## GOAL OF THE EXERCISE
Entries follow. Give back exactly the lines starting at the one containing "METO Anschießpistole Standard, grau" and ending at the one containing "Pistolet Airless 500 Silver ProLight", and no other lines.

## DATA FOR THIS TASK

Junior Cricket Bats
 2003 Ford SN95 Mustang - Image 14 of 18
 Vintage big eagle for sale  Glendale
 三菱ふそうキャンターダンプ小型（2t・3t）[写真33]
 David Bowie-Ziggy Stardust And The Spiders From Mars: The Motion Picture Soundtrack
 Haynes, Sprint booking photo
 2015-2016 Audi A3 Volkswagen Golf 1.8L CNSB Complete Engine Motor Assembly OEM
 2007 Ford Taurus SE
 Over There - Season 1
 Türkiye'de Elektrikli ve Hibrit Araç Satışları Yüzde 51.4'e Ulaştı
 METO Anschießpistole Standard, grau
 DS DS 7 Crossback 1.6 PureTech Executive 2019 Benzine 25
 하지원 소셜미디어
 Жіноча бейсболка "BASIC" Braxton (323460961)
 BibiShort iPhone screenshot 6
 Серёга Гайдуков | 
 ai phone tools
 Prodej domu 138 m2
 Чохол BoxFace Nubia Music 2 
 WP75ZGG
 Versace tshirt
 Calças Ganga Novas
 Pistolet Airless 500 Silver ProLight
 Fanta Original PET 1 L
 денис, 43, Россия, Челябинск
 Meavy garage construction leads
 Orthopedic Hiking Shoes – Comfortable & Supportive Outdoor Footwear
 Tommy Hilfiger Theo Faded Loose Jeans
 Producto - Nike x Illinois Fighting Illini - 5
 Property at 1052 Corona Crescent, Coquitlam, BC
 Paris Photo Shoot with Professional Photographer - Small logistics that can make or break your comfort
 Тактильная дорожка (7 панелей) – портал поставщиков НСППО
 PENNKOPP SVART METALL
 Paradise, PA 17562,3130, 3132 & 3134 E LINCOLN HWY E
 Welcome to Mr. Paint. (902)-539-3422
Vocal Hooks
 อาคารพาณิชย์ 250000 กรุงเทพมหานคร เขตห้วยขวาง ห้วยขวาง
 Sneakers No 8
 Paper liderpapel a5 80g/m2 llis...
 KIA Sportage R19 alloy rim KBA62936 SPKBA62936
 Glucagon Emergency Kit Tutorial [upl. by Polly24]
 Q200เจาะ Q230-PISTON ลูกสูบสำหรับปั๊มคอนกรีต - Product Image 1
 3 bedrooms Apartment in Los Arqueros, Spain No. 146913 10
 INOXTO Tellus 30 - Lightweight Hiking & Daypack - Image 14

## RESPONSE FOR THIS EXERCISE
 METO Anschießpistole Standard, grau
 DS DS 7 Crossback 1.6 PureTech Executive 2019 Benzine 25
 하지원 소셜미디어
 Жіноча бейсболка "BASIC" Braxton (323460961)
 BibiShort iPhone screenshot 6
 Серёга Гайдуков | 
 ai phone tools
 Prodej domu 138 m2
 Чохол BoxFace Nubia Music 2 
 WP75ZGG
 Versace tshirt
 Calças Ganga Novas
 Pistolet Airless 500 Silver ProLight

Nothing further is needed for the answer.